Merasa Difitnah, Ketua Ormas Lapor Polisi

oleh -1.152 views
Abdul Rahman alias Dedek (kiri) didampingi temannya memperlihatkan kuitansi tanda penitipan sepedamotor dari AS di Polrestabes Medan, Senin (30/7/2018).

garudaonline – Medan | Merasa difitnah, Abdul Rahman alias Dedek (37) warga Jalan Menteng II, Kelurahan Binjai, Kecamatan Medan Denai melaporkan seorang oknum pengusaha mebel ke Polrestabes Medan, Senin (30/7/2018).

Kepada sejumlah wartawan di Polrestabes Medan, ketua salah satu organisasi kemasyarakatan (Ormas) ini mengaku awalnya, ia hendak membangun rumah orangtuanya.

Ia lalu memesan kayu, papan serta kusen kepada pengusaha mebel berinisial AS, warga Jalan Eka Jaya II, Kelurahan Pangkalan Mansyur, Kecamatan Medan Johor.

Pada Maret 2018, Dedek memberikan uang Rp10 juta untuk memesan kayu dan kusen. Selanjutnya, pada Mei 2018, Dedek mengirimkan uang Rp10 juta via ke rekening AS.

“Kayu-kayu yang diantarkan oleh AS ternyata tidak sesuai dengan pesanan,” ujar Dedek.

Selain itu, tambah Dedek, kayu damar yang diantarkan ke rumahnya ternyata juga tidak sesuai dengan pesanan semula.

“Yang saya pesan adalah kayu damar Aceh dan bukan damar Pekanbaru sehinggga saya mengembalikan damar Aceh itu dan meminta uang saya dikembalikan saja,” jelas Dedek.

Dijelaskan Dedek, saat AS datang ke rumahnya, dirinya meminta agar AS mengembalikan uang namun AS malah menyerahkan sepedamotornya sebagai jaminan dan disertai dengan kuitansi penitipan sepedamotor.

“Penyerahan sepedamotor tersebut dilakukan sendiri oleh AS yang disaksikan oleh keluarga Dedek dan seorang teman AS,” sebut Dedek.

Ironisnya, tambah Dedek, 2 jam kemudian, dirinya malah dilaporkan oleh AS ke Polsek Medan Area dengan tuduhan telah melakukan penyekapan, perampasan dan penganiayaan.

“Padahal, malam itu AS datang bersama seorang temannya ke rumah saya.
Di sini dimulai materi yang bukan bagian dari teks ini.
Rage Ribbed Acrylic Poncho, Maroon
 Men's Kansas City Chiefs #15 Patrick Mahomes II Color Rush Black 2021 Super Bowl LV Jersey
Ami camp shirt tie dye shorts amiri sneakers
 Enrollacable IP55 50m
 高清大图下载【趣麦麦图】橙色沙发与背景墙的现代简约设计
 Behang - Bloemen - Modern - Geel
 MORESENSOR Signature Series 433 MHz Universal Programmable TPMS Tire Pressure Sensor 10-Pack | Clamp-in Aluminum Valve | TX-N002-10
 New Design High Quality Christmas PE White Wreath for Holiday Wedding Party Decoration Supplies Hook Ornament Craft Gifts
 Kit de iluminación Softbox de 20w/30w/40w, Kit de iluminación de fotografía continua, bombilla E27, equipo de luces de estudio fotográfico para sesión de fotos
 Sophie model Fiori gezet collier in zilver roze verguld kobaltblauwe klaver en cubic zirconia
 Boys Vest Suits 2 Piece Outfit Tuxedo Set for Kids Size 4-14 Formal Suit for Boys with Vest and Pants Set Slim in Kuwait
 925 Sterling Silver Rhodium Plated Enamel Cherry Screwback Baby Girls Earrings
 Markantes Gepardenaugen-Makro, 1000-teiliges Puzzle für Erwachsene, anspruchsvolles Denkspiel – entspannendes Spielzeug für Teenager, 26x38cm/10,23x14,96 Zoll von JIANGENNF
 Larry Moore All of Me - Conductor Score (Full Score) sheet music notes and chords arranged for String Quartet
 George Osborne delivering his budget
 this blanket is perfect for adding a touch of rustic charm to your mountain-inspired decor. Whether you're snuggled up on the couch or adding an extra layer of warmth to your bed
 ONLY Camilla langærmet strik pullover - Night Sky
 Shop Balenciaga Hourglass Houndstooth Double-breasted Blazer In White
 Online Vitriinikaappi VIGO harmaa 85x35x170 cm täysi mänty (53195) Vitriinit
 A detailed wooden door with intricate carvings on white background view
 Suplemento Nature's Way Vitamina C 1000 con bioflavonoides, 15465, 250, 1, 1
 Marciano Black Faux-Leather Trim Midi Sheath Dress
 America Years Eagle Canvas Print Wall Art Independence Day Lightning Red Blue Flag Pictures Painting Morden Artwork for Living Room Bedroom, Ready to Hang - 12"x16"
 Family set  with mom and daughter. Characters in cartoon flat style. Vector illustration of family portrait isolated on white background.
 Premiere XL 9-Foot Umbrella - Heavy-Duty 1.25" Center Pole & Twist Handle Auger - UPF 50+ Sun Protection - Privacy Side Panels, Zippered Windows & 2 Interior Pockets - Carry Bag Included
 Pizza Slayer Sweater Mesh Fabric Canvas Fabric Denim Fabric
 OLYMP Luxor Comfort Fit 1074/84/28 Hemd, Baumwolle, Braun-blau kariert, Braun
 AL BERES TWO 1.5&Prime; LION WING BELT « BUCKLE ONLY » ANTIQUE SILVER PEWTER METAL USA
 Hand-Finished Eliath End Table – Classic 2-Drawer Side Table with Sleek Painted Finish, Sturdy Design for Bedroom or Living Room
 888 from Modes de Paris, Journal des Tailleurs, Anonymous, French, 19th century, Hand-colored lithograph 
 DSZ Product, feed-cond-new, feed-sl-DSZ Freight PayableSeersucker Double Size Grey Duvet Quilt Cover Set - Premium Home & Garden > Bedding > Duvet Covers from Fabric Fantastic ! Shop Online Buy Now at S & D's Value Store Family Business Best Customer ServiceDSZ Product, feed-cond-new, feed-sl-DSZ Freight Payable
Saya minta uang saya dikembalikan namun AS malah menyerahkan sepedamotornya sebagai jaminan dan dilampirkan kuitansi tanda terima titipan sepedamotor,” tutur Dedek seraya menambahkan, saat AS dan temannya datang disambut dengan kekeluargaan dan disuguhkan kopi panas.

Namun, tambah Dedek, dirinya malah dituduh telah menyiramkan kopi panas ke tubuh korban.

“Semua tudingan tersebut tidak benar dan saya merasa difitnah, saya tidak merasa menganiaya, menyekap apalagi menyiramkan kopi panas ke tubuh AS sehingga nama baik saya tercemar dan melaporkan AS ke Polrestabes Medan,” sebut Dedek.

Terpisah, Kanit Reskrim Polsek Medan Area Iptu P Hutagaol menjelaskan memang benar pihaknya menerima laporan kasus penganiayaan disertai penyekapan terhadap pengusaha kayu itu. Namun, pihaknya masih melakukan penyelidikan lebih lanjut mengenai kasus itu.

“Masih kita pelajari dan diselidiki kasusnya,” katanya kepada wartawan.